▶ TASK STATEMENT: Transcribe the full listing without changing a word, and omit its pictures.

▶ GIVEN INFORMATION:

----------

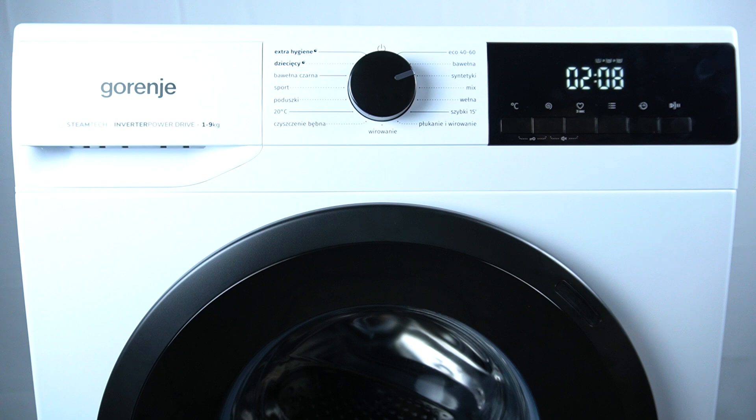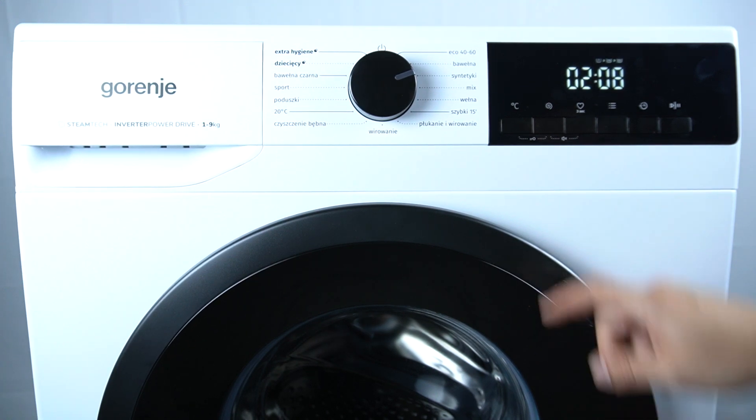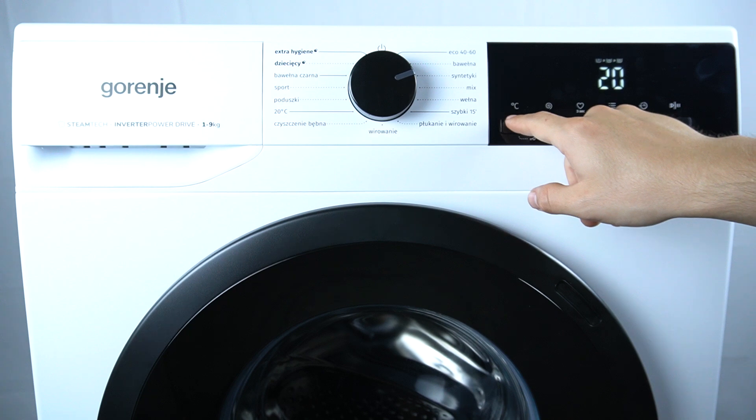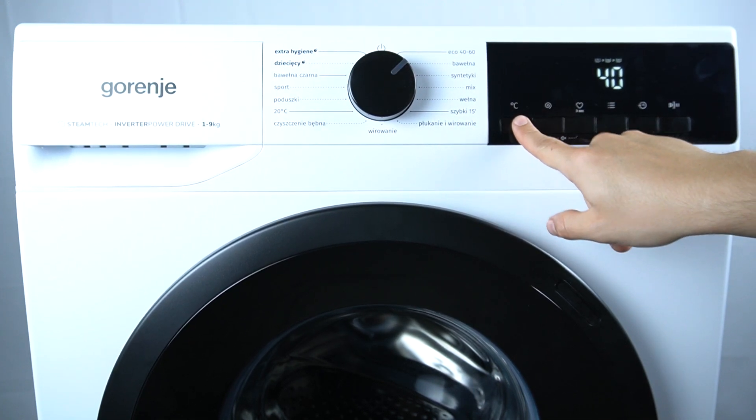In the first step, select your program, and if you want to set the temperature as you wish, click on this button. As you can see, there we have options from 0 to 90 degrees Celsius.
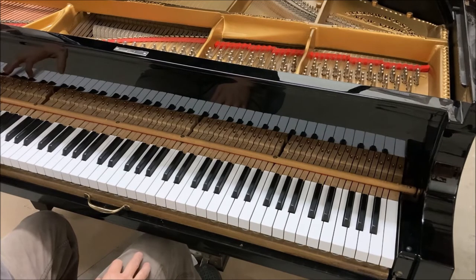The bass has more power. I added some lacquer to the sides of the bass hammers — it was lacking power.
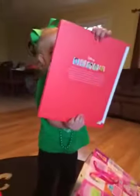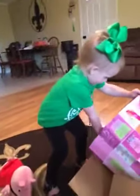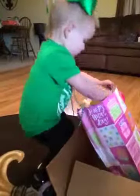A book! Let me see. Oh, Snow White! It's from Nordstrom, look. Snow White. You love Snow White!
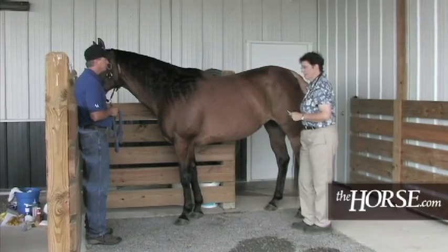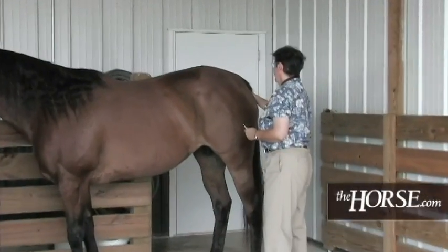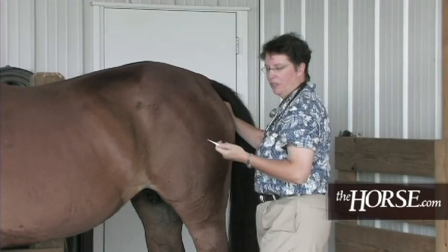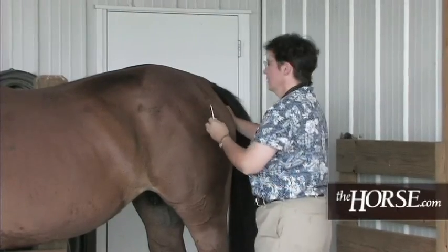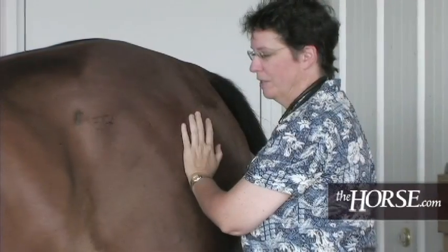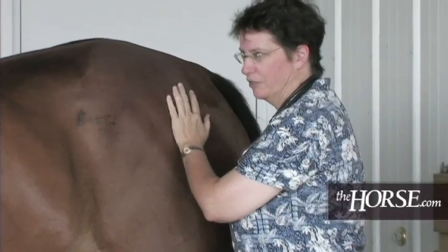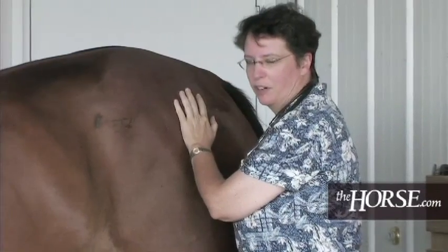With a calm horse that's used to having people working around its tail, just reach underneath — sometimes they'll actually lift their tail for you. Lubricate the tip of the thermometer with a little bit of Vaseline or some other non-toxic substance to ease insertion, then wait until the little beep goes off. Always stand close to the hind end of the animal, so if she decides to kick at a fly you won't receive the full brunt of the kick.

----------

▶ TASK ANSWER:
In the first step, select your program, and if you want to set the temperature as you wish, click on this button. As you can see, there we have options from 0 to 90 degrees Celsius.
The bass has more power. I added some lacquer to the sides of the bass hammers — it was lacking power.
A book! Let me see. Oh, Snow White! It's from Nordstrom, look. Snow White. You love Snow White!
With a calm horse that's used to having people working around its tail, just reach underneath — sometimes they'll actually lift their tail for you. Lubricate the tip of the thermometer with a little bit of Vaseline or some other non-toxic substance to ease insertion, then wait until the little beep goes off. Always stand close to the hind end of the animal, so if she decides to kick at a fly you won't receive the full brunt of the kick.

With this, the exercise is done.